START Supplied entries

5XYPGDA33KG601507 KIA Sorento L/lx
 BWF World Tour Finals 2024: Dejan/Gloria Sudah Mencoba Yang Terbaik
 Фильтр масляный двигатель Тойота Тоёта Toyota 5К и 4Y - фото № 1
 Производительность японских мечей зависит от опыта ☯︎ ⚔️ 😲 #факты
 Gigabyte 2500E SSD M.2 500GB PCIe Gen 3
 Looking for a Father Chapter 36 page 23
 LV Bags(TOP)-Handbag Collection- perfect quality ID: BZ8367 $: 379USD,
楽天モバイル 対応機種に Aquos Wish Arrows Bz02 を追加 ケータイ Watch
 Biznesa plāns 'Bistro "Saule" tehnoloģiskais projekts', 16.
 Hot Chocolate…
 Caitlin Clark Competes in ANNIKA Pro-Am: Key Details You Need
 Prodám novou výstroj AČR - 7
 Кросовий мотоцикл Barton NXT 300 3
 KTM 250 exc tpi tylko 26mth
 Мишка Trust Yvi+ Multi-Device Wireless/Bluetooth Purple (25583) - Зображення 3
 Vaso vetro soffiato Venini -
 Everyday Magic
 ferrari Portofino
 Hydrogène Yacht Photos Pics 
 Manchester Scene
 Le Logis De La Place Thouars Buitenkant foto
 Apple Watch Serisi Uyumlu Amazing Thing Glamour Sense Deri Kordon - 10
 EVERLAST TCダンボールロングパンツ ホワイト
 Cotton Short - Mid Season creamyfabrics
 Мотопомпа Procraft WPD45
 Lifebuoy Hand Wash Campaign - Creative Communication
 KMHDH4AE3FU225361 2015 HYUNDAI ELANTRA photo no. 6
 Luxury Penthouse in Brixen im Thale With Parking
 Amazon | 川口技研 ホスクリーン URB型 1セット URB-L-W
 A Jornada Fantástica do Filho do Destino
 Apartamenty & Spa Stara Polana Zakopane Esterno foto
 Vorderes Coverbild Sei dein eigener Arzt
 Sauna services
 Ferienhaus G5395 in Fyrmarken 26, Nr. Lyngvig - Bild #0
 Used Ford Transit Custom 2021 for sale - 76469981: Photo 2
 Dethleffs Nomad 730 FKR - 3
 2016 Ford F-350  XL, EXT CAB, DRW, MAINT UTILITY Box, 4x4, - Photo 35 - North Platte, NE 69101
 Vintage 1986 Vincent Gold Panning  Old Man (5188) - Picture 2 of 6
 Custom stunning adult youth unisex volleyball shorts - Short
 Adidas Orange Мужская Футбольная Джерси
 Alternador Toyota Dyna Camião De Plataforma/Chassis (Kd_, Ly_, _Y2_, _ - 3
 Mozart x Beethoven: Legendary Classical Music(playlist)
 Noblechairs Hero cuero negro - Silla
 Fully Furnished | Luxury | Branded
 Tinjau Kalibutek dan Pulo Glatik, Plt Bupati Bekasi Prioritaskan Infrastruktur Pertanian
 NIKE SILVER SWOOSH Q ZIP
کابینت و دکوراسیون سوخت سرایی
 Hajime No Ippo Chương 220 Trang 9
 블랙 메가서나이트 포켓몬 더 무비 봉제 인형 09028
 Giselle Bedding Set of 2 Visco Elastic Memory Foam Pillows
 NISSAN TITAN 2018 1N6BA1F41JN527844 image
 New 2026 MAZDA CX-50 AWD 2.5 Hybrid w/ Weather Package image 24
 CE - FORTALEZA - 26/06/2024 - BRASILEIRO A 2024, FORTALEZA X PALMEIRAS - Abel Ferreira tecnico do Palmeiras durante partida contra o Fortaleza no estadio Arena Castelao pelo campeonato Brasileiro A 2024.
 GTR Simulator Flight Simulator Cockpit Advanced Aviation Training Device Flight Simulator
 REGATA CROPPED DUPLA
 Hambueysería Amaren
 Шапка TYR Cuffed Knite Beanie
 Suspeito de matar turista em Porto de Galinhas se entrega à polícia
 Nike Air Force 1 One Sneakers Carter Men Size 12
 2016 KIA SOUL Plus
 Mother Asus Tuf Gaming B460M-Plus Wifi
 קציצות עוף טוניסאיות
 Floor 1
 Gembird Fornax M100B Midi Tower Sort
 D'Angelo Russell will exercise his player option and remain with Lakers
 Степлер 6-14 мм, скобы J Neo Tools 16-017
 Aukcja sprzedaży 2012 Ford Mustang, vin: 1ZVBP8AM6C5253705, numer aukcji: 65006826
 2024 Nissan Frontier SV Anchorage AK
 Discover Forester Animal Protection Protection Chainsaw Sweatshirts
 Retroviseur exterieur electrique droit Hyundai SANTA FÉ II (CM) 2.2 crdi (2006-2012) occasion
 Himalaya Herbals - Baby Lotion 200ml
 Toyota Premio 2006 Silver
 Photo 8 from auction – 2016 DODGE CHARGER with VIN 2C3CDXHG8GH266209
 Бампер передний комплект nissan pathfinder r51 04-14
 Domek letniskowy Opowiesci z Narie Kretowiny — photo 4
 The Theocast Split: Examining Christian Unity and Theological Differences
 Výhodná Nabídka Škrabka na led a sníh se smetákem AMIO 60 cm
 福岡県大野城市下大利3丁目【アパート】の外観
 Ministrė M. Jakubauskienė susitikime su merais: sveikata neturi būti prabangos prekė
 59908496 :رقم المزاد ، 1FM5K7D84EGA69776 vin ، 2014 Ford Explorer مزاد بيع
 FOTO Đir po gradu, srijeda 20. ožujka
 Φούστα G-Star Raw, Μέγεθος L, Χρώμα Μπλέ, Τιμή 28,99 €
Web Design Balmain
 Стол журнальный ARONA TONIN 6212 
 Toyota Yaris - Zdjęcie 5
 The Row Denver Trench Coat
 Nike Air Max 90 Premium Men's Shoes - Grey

END Supplied entries

What you should do: Render every record verbatim. Nothing should be left out.

Written response:
5XYPGDA33KG601507 KIA Sorento L/lx
 BWF World Tour Finals 2024: Dejan/Gloria Sudah Mencoba Yang Terbaik
 Фильтр масляный двигатель Тойота Тоёта Toyota 5К и 4Y - фото № 1
 Производительность японских мечей зависит от опыта ☯︎ ⚔️ 😲 #факты
 Gigabyte 2500E SSD M.2 500GB PCIe Gen 3
 Looking for a Father Chapter 36 page 23
 LV Bags(TOP)-Handbag Collection- perfect quality ID: BZ8367 $: 379USD,
楽天モバイル 対応機種に Aquos Wish Arrows Bz02 を追加 ケータイ Watch
 Biznesa plāns 'Bistro "Saule" tehnoloģiskais projekts', 16.
 Hot Chocolate…
 Caitlin Clark Competes in ANNIKA Pro-Am: Key Details You Need
 Prodám novou výstroj AČR - 7
 Кросовий мотоцикл Barton NXT 300 3
 KTM 250 exc tpi tylko 26mth
 Мишка Trust Yvi+ Multi-Device Wireless/Bluetooth Purple (25583) - Зображення 3
 Vaso vetro soffiato Venini -
 Everyday Magic
 ferrari Portofino
 Hydrogène Yacht Photos Pics 
 Manchester Scene
 Le Logis De La Place Thouars Buitenkant foto
 Apple Watch Serisi Uyumlu Amazing Thing Glamour Sense Deri Kordon - 10
 EVERLAST TCダンボールロングパンツ ホワイト
 Cotton Short - Mid Season creamyfabrics
 Мотопомпа Procraft WPD45
 Lifebuoy Hand Wash Campaign - Creative Communication
 KMHDH4AE3FU225361 2015 HYUNDAI ELANTRA photo no. 6
 Luxury Penthouse in Brixen im Thale With Parking
 Amazon | 川口技研 ホスクリーン URB型 1セット URB-L-W
 A Jornada Fantástica do Filho do Destino
 Apartamenty & Spa Stara Polana Zakopane Esterno foto
 Vorderes Coverbild Sei dein eigener Arzt
 Sauna services
 Ferienhaus G5395 in Fyrmarken 26, Nr. Lyngvig - Bild #0
 Used Ford Transit Custom 2021 for sale - 76469981: Photo 2
 Dethleffs Nomad 730 FKR - 3
 2016 Ford F-350  XL, EXT CAB, DRW, MAINT UTILITY Box, 4x4, - Photo 35 - North Platte, NE 69101
 Vintage 1986 Vincent Gold Panning  Old Man (5188) - Picture 2 of 6
 Custom stunning adult youth unisex volleyball shorts - Short
 Adidas Orange Мужская Футбольная Джерси
 Alternador Toyota Dyna Camião De Plataforma/Chassis (Kd_, Ly_, _Y2_, _ - 3
 Mozart x Beethoven: Legendary Classical Music(playlist)
 Noblechairs Hero cuero negro - Silla
 Fully Furnished | Luxury | Branded
 Tinjau Kalibutek dan Pulo Glatik, Plt Bupati Bekasi Prioritaskan Infrastruktur Pertanian
 NIKE SILVER SWOOSH Q ZIP
کابینت و دکوراسیون سوخت سرایی
 Hajime No Ippo Chương 220 Trang 9
 블랙 메가서나이트 포켓몬 더 무비 봉제 인형 09028
 Giselle Bedding Set of 2 Visco Elastic Memory Foam Pillows
 NISSAN TITAN 2018 1N6BA1F41JN527844 image
 New 2026 MAZDA CX-50 AWD 2.5 Hybrid w/ Weather Package image 24
 CE - FORTALEZA - 26/06/2024 - BRASILEIRO A 2024, FORTALEZA X PALMEIRAS - Abel Ferreira tecnico do Palmeiras durante partida contra o Fortaleza no estadio Arena Castelao pelo campeonato Brasileiro A 2024.
 GTR Simulator Flight Simulator Cockpit Advanced Aviation Training Device Flight Simulator
 REGATA CROPPED DUPLA
 Hambueysería Amaren
 Шапка TYR Cuffed Knite Beanie
 Suspeito de matar turista em Porto de Galinhas se entrega à polícia
 Nike Air Force 1 One Sneakers Carter Men Size 12
 2016 KIA SOUL Plus
 Mother Asus Tuf Gaming B460M-Plus Wifi
 קציצות עוף טוניסאיות
 Floor 1
 Gembird Fornax M100B Midi Tower Sort
 D'Angelo Russell will exercise his player option and remain with Lakers
 Степлер 6-14 мм, скобы J Neo Tools 16-017
 Aukcja sprzedaży 2012 Ford Mustang, vin: 1ZVBP8AM6C5253705, numer aukcji: 65006826
 2024 Nissan Frontier SV Anchorage AK
 Discover Forester Animal Protection Protection Chainsaw Sweatshirts
 Retroviseur exterieur electrique droit Hyundai SANTA FÉ II (CM) 2.2 crdi (2006-2012) occasion
 Himalaya Herbals - Baby Lotion 200ml
 Toyota Premio 2006 Silver
 Photo 8 from auction – 2016 DODGE CHARGER with VIN 2C3CDXHG8GH266209
 Бампер передний комплект nissan pathfinder r51 04-14
 Domek letniskowy Opowiesci z Narie Kretowiny — photo 4
 The Theocast Split: Examining Christian Unity and Theological Differences
 Výhodná Nabídka Škrabka na led a sníh se smetákem AMIO 60 cm
 福岡県大野城市下大利3丁目【アパート】の外観
 Ministrė M. Jakubauskienė susitikime su merais: sveikata neturi būti prabangos prekė
 59908496 :رقم المزاد ، 1FM5K7D84EGA69776 vin ، 2014 Ford Explorer مزاد بيع
 FOTO Đir po gradu, srijeda 20. ožujka
 Φούστα G-Star Raw, Μέγεθος L, Χρώμα Μπλέ, Τιμή 28,99 €
Web Design Balmain
 Стол журнальный ARONA TONIN 6212 
 Toyota Yaris - Zdjęcie 5
 The Row Denver Trench Coat
 Nike Air Max 90 Premium Men's Shoes - Grey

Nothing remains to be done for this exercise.